In the piece, Lieber describes a controversial chart shared at the meal, featuring an equity indexed annuity performing almost 8.3% better than the S&P 500 from 1998 to 2016. As Lieber points out, when reinvested dividends are included in the index, stocks do nearly 34% better than the annuity.

This prompted the columnist to highlight the need for investors to do their homework before going to such an event, read the fine print, ask questions and get a second (and even a third) opinion before buying such products.

Michael Finke, chief academic officer for The American College of Financial Services, thinks this valuable perspective just tells part of a more complex story.

An article like this can be used to paint annuities as a financial instrument in a broad negative light. It gives advisors license to dismiss them and to feel they can do so ethically. As an economist, this makes me uncomfortable,” explained Finke on Twitter.

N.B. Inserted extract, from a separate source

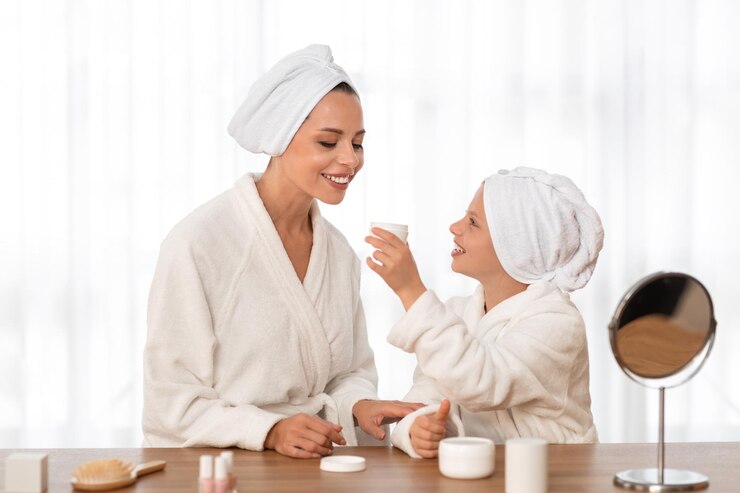 Fotoğraf mother and daughter in bathrobes doing skin care routine at home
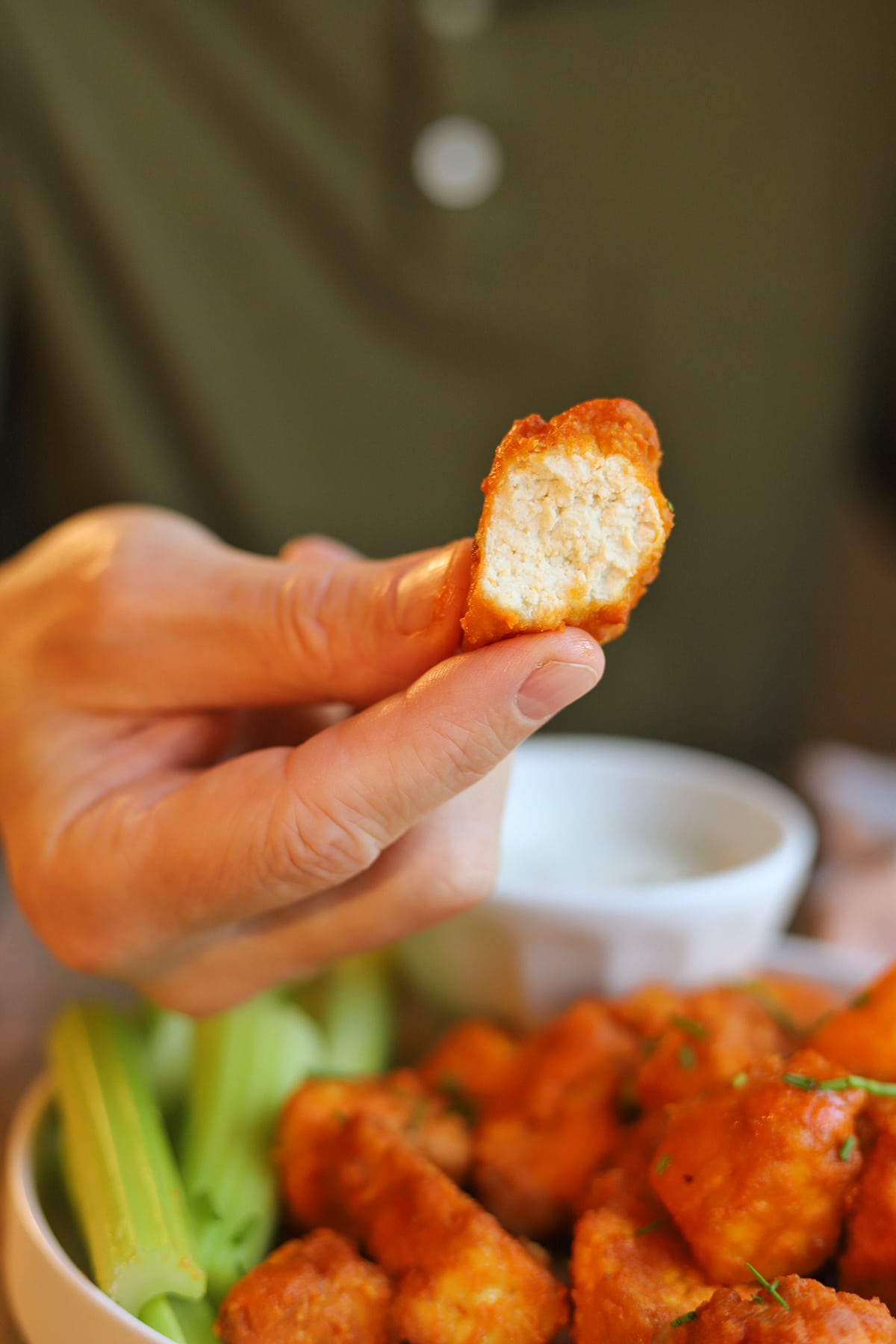 Hand holding bitten vegan buffalo tofu with saucy edges and white middle.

There is, of course, lots of literature that breaks down the financial ins and outs of using annuities. And Finke points to a good summary of these thoughts that finance professor Moshe Milevsky published in the December issue of the Journal of Financial Planning.

Most who do research on annuities,” like Olivia Mitchell of The Wharton School and Jeffrey Brown of the University of Illinois Gies College of Business, “agree that annuities are often an optimal choice for funding safe income in retirement. There’s no real argument about their value,” according to Finke.

Commenting on the shadier side of insurance-product sales, he said: “Insurance companies have the ability to limit abusive sales practices through self regulation. If they fail to do this, these types of articles will continue and consumer acceptance of annuities will be limited. This is also a problem.”

He continues:

“We’ve seen RIA firms use negative perceptions of annuities to drive their own business. This is a shrewd response to a failure to self-regulate.  But it isn’t in the best interest of consumers who are looking for secure retirement income.”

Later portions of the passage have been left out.